Fact:   The Puget Sound Regional Council (PSRC) published a lengthy report, The BNSF Corridor Preservation Study, in early 2007 that purported to prove that the railroad should be converted into a bicycle trail. However, this superficially impressive and costly ($800,000) document is severely flawed and is thus totally unsuited for making rational decisions about the future of the railroad.
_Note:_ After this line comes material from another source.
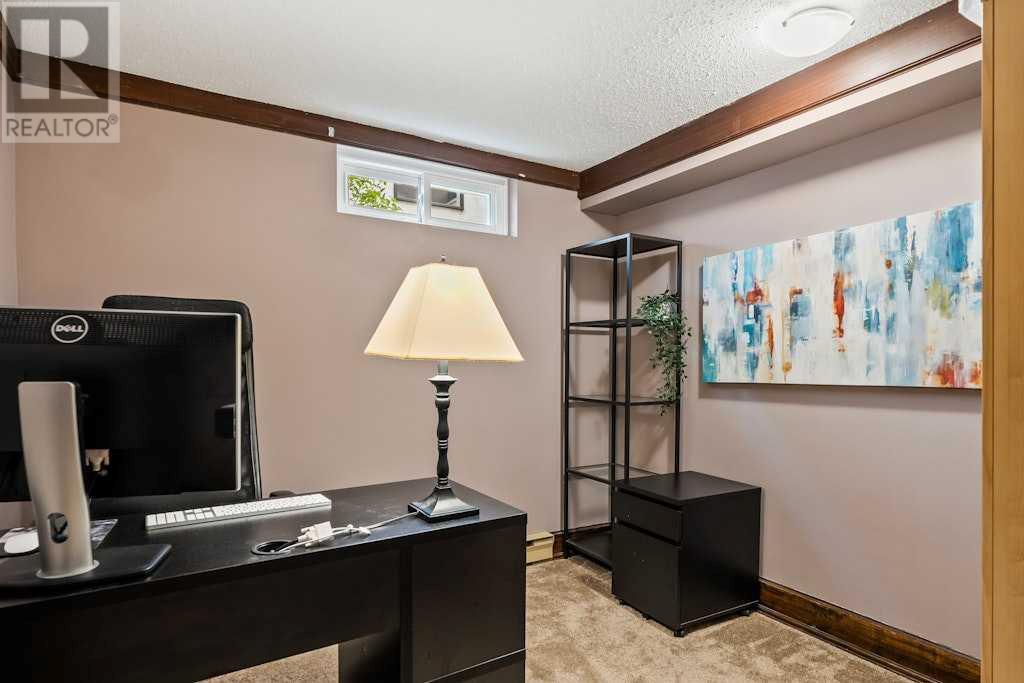 Single Family House Bungalow for Sale in  Oakview Place SW Oakridge Calgary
For example, it fails to employ any recognized transportation infrastructure decision making methodology (such as least cost planning), gives inadequate consideration to the major potential uses for the railroad (such as for commuter rail and regional security), ignores the most important environmental and economic effects of scrapping the railroad, shows a lack of fiscal responsibility, and has a strong appearance of conflict of interest.

Myth #13:   If the railroad were converted into a trail, it could be converted back into a railroad for transit use when there was sufficient demand because it would be railbanked under the Rails-to-Trails Act.

Fact:   There are extremely few examples of success in reinstalling railroads that have been railbanked under the Rails-to-Trails Act. This is because of intense political opposition and the very high costs of reinstalling removed track. Moreover, it is highly likely that there is already a strong demand for commuter rail service in the Eastside railroad corridor (e.g., because it parallels the most congested freeway in the entire U.S. Northwest), and thus there is no need to wait 20 years as proposed by those in favor of scrapping the railroad.

Myth #14:   The Eastside urgently needs more bicycle trails.

Fact:   There are already in excess of 175 miles of trails in King County,12 which is more than almost every other urban area in the U.S. Moreover, trails already exist that parallel substantial sections of the Eastside railroad. Were the railroad to be scrapped as is being pushed by King County Executive Ron Sims, trail mileage in the county would rise to more than 200, but the Eastside would lose any opportunity to obtain commuter rail for decades, and likely forever. There are more effective and less costly ways to improve bicycle safety and convenience on the Eastside.

Myth #15:   The Eastside railroad right of way is well suited for use as a bicycle trail.

Fact:   There are a variety of problems with constructing a bicycle trail on the railroad right of way. One is that it could cost as much as $200 million if the tracks were kept in place, according to King County. This is an enormous amount of money to be paid by property owners and renters -- most of whom would rarely or ever use the trail -- just for another bicycle trail, especially in a region that already has an extensive trail network, including trails that parallel much of the railroad.

Another is that parts of the railroad right of way are not owned by the railroad but rather consist of easements for railroad use granted by adjacent property owners. However, such easements were not granted for bicycle trails and it is likely that some of the current owners would object to -- and be able to block -- such a use.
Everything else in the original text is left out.